Estudo analisa checagens e indica crescimento recente
As ferramentas de inteligência artificial ampliaram a circulação de conteúdos suspeitos e elevaram a necessidade de verificação das informações. O alerta parte de profissionais de checagem, com base em levantamento da Agência Lupa.
O estudo, intitulado “O impacto da IA no Fact-checking Global”, analisou 1.294 checagens em pelo menos dez idiomas. Como resultado, identificou que 81,2% dos casos de desinformação com uso de IA surgiram entre janeiro de 2024 e março de 2026.
Além disso, eleições, guerras e golpes aparecem entre os temas mais recorrentes nesse tipo de conteúdo.
Segundo a gerente de inovação e formação da Agência Lupa, Cristina Tardáguila, a IA tem redefinido o cenário da desinformação em escala global.
“A imensa maioria das peças que são analisadas pelos checadores acaba levando a etiqueta de falso ou de enganoso. A IA dificilmente tem sido feita para impulsionar conteúdos verdadeiros”, disse em entrevista à Agência Brasil.
Formatos variados
A desinformação gerada por IA circula em diferentes formatos, como vídeos, áudios curtos, fotos e textos. Dessa forma, o alcance das informações falsas aumenta e dificulta a identificação por parte do público.
Uma das preocupações envolve o uso dessas tecnologias em períodos eleitorais. Segundo a pesquisadora, esse tipo de conteúdo pode impactar diretamente o ambiente democrático.
“Este é um ano eleitoral importante no Brasil e em outros parceiros da região”. Ela cita os processos nos Estados Unidos, no Peru, na Costa Rica e na Colômbia. Esse cenário vai impactar a vida dos checadores desses países e também dos eleitores.
“Eles vão receber uma enxurrada de conteúdos com IA e com grande chance de essas peças serem, na verdade, grandes falsidades”, acrescenta.
Além disso, o levantamento aponta crescimento nos registros desse tipo de conteúdo. Os casos passaram de 160, em 2023, para 578, em 2025. Até março de 2026, já eram 205 verificações.
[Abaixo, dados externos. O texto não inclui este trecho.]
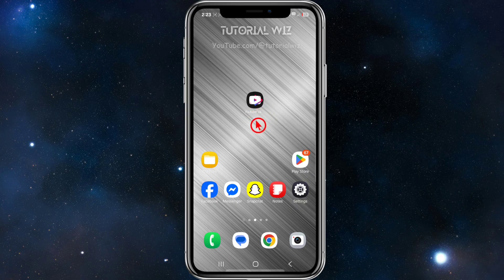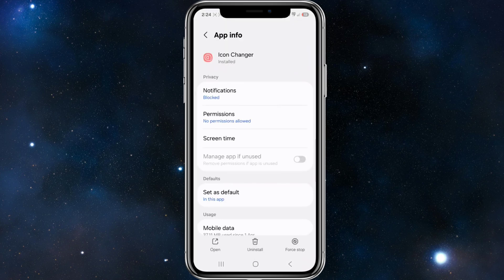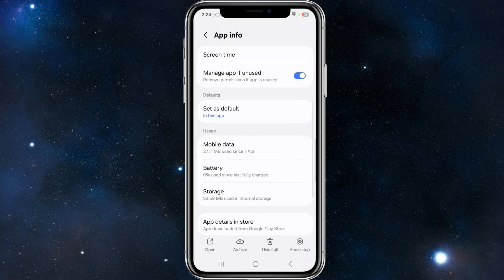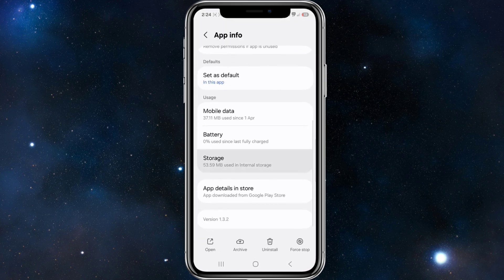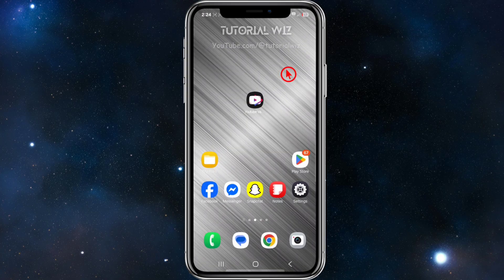The second fix is to clear the app cache. Go ahead and click and hold down the app, then click the info icon to get the app info. From there, scroll down and click on Storage, then in the bottom right-hand corner of the page go ahead and clear the cache.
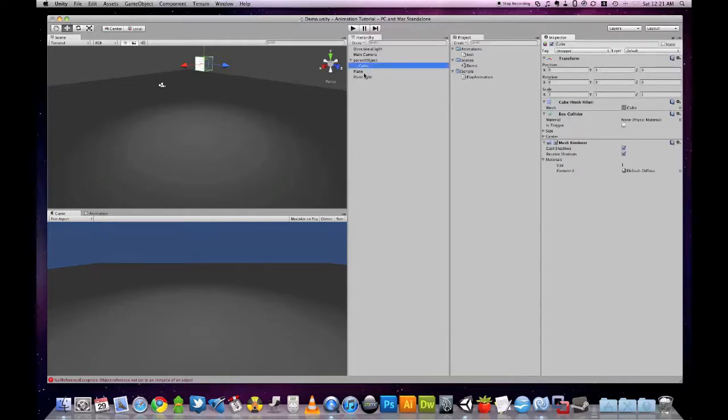But the position of our cube object is still the same, and this is how it works.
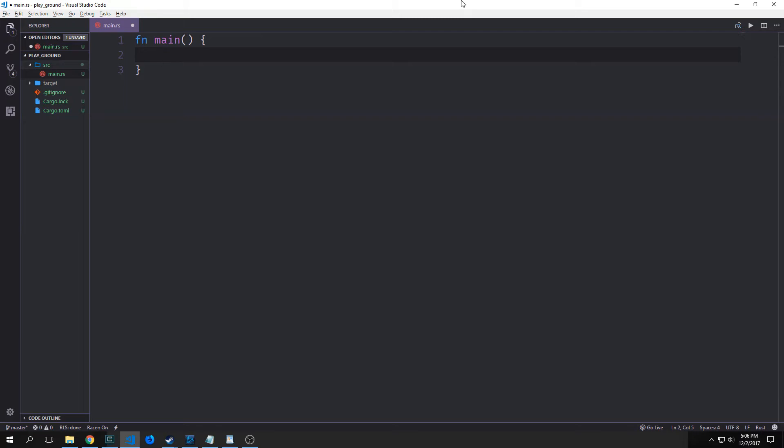Hi guys, this is Tensor. Welcome back to Introduction to Rust. This will be our sixth video in the series. Today we're going to be talking about enums or enumerations in Rust. We're also going to touch on options.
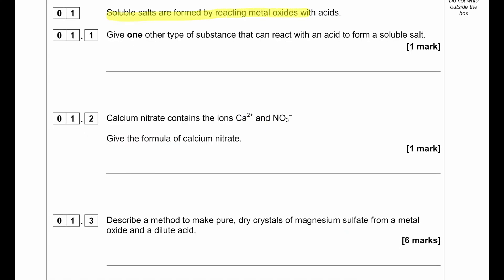Soluble salts are formed by reacting metal oxides with acid. Give one other type of substance that can react with an acid to form a soluble salt. To react with an acid, we can react either a metal, metal hydroxide, metal carbonate, or directly we can add a soluble metal hydroxide, which is an alkali.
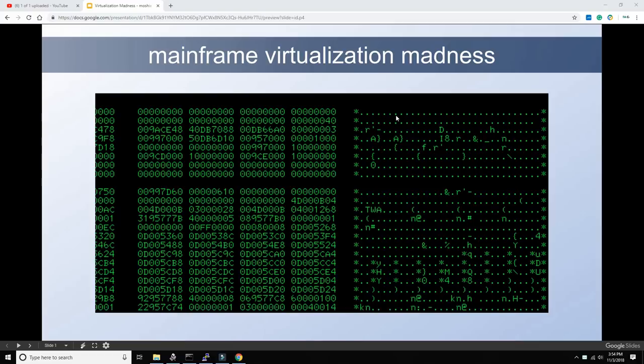Hello everybody and welcome back to the Moshex Mainframe channel, this is Moshex. Today we're going to take virtualization to the extreme and do something which, as far as I know, has not been accomplished so far: we're going to take our beloved mainframe operating systems and run them on top of six different layers of operating systems — five layers of virtualization — and still see very decent performance.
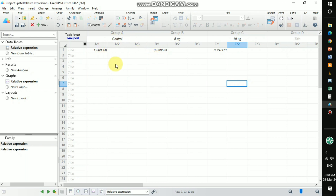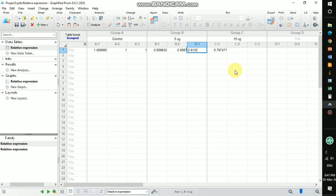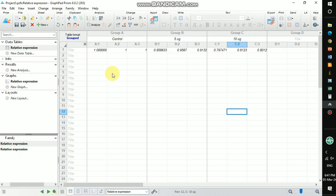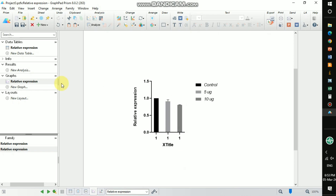For example, just to demonstrate the graph and statistical analysis, let's assume the control group values are 1, 0.9567, and 0.9012, and for the 10 microgram group: 0.8123, 0.80123. After entering those assumed values into Prism, we automatically get the graph. The control group should always be centered around 1.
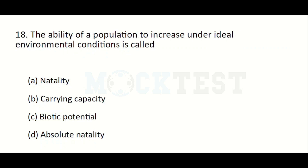The ability of a population to increase under ideal environmental conditions is called: Option A: natality. Option B: carrying capacity. Option C: biotic potential. Option D: absolute natality. The answer is Option C, biotic potential.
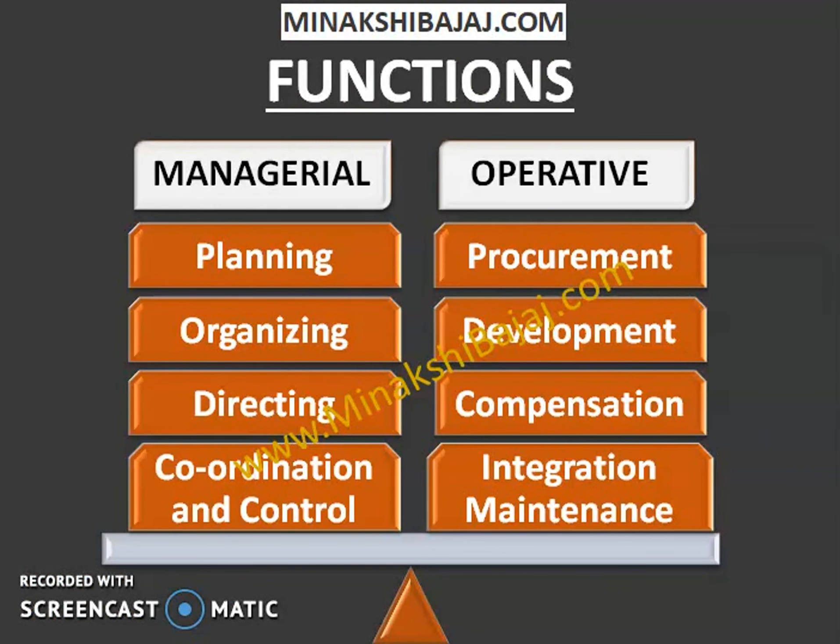In today's video lecture we will discuss Operative Functions of Human Resource Management. To explain the topic thoroughly, I am going to include many examples for your easy understanding. My dear learner, if you are new to my channel then be sure to subscribe and turn on the notification bell to get notified when I upload a new video.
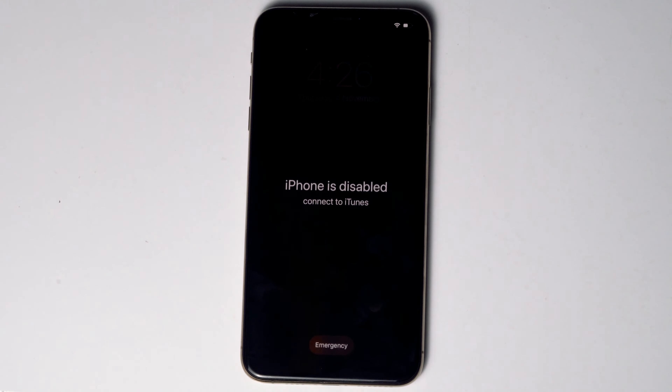Today I'm going to talk about how to unlock a disabled iPhone without a computer or iTunes. So let's get started.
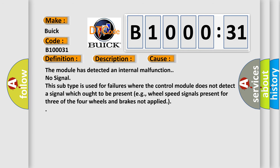The module has detected an internal malfunction. No signal - this subtype is used for failures where the control module does not detect a signal which ought to be present, for example, wheel speed signals present for three of the four wheels and brakes not applied.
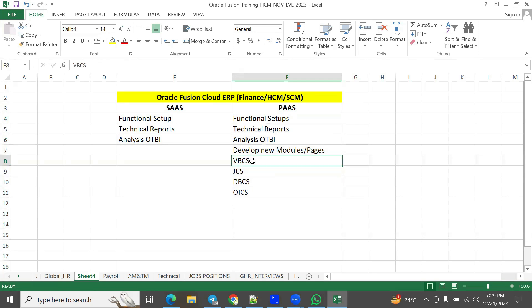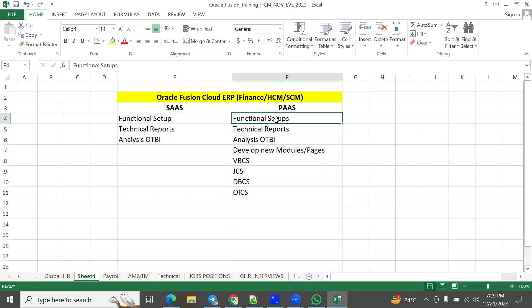In PaaS, you have access to the database for database activities, JCS, and Oracle Integration Cloud Services. You can perform full-fledged technical work, functional setups, and integrations. Everything is possible because it's a dedicated, private cloud server. When a client from a large-scale industry wants to customize and extend the product, they choose PaaS.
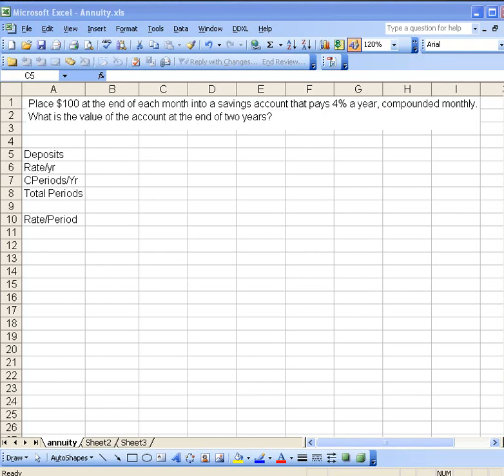Welcome back to the Finite Math Podcast. We're going to start and look at problems involving annuities.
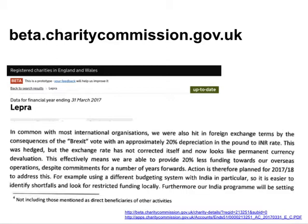One more example also about Brexit. This is a charity called Lepra that raises money in the UK but spends it in places like India. One of the problems they highlighted following the Brexit vote was the depreciation of the pound compared to the currency in India — an unexpected effect you might not have thought about without looking at a charity's accounts. They're basically saying that every pound raised in the UK is now worth 20% less than it was before the vote in terms of how much it will buy in India where they're spending it.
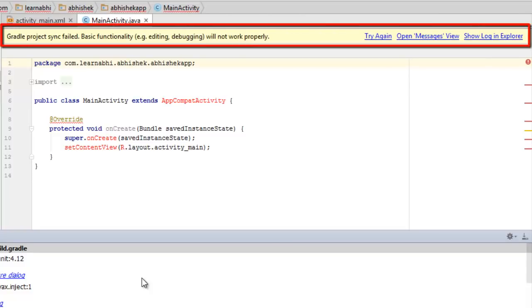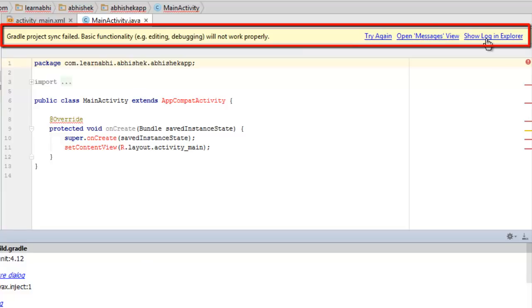Gradle project sync failed. Basic functionality, example editing, debugging will not work properly. On the right-hand side, you're getting options such as Try Again, Open Messages View, and Show Log in Explorer. As an Android developer, I believe this is the first error almost all developers get while creating their first Android project.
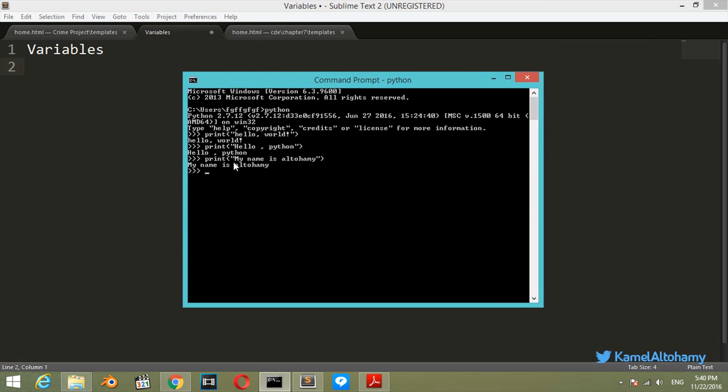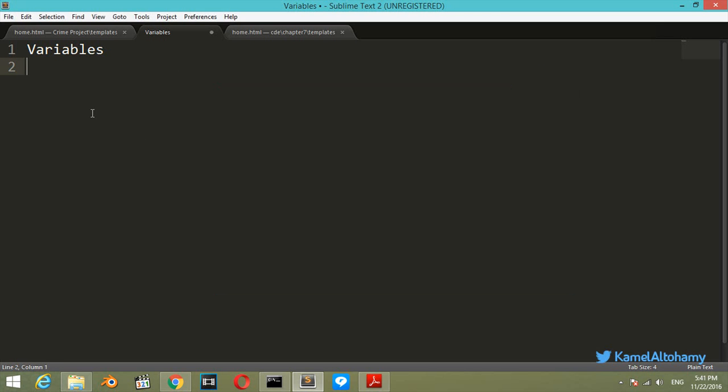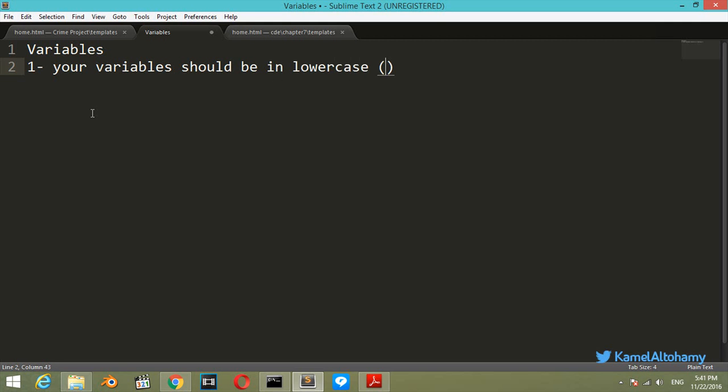We will start by naming variables. Before we start naming your variables, you should know some rules which are conventional when you work with Python. The first rule is that your variables should be in lowercase. For example, it will be number in lowercase, not in uppercase.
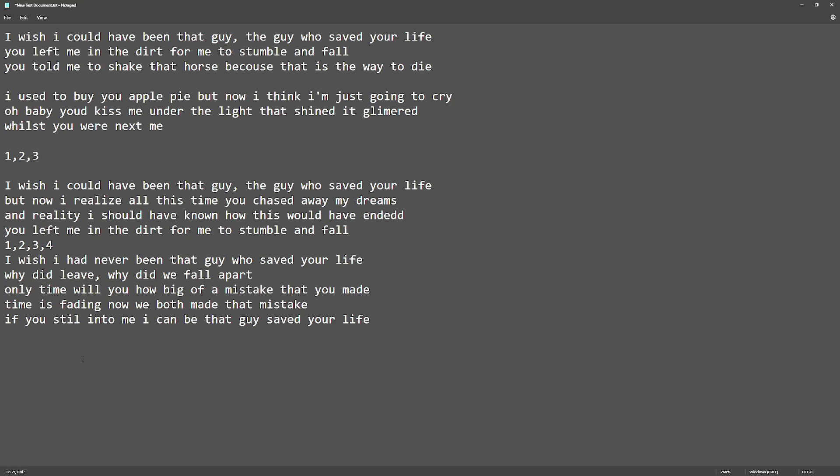If you're still into me I can be that guy who saved your life, saved your life, yeah.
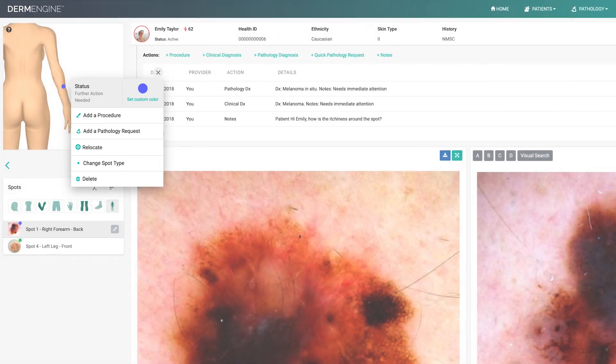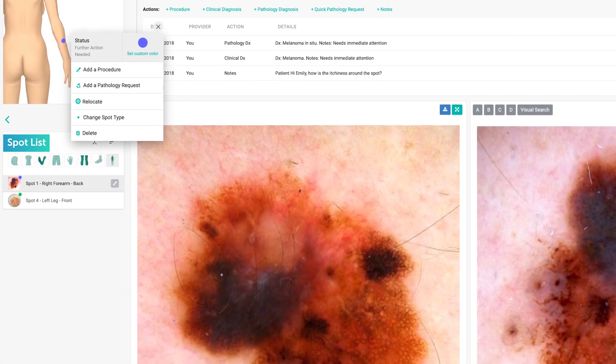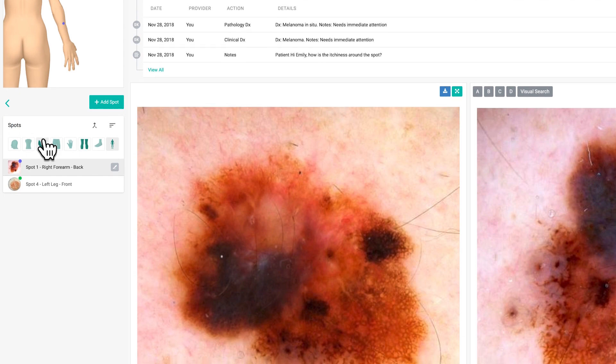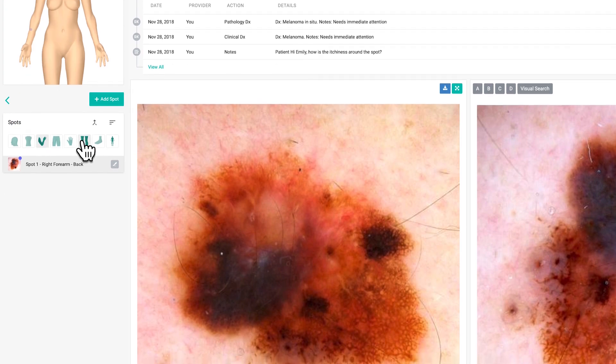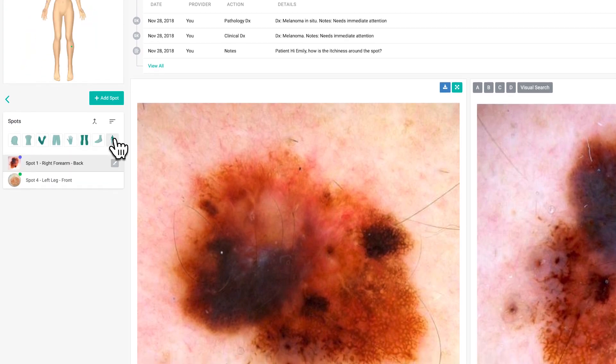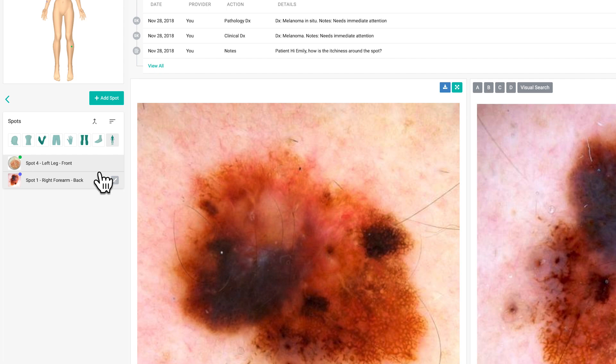Below the body map is the spot list, where all of the recorded spots for that patient will be. You can sort the spots by clicking the body icons. You also have the option of sorting by date created or last modified, depending on your preference so you can always locate the spot you are looking for.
Em relação aos idiomas, o inglês lidera com 427 casos, seguido do espanhol, com 198, e do português, com 111 registros.
Educação midiática
Diante desse cenário, especialistas apontam a educação midiática como ferramenta para enfrentar a desinformação. A proposta envolve ampliar a capacidade da população de identificar conteúdos falsos.
“A gente precisa que a vacina contra a desinformação, que é, na verdade, a informação de qualidade, chegue antes para que as pessoas possam estar preparadas e resilientes quando elas virem a mentira em formato de IA”, ressalta Cristina Tardáguila.
A pesquisadora também defende a criação de políticas públicas voltadas à educação midiática e à literacia, com implementação nas escolas.
Além disso, empresas de comunicação e agências de checagem podem colaborar com a disseminação de informações verificadas. Segundo ela, esse trabalho deve seguir critérios de transparência e rigor.
“Não tenho a menor dúvida de que 2026 é um ano em que veremos cada vez mais IA. É bom que o brasileiro saiba disso, se prepare, esteja ativo e capaz de identificar a desinformação”, considerou.
A especialista ainda destaca que qualquer cidadão pode realizar verificações ao receber conteúdos suspeitos. A Agência Lupa criou um curso gratuito para iniciantes.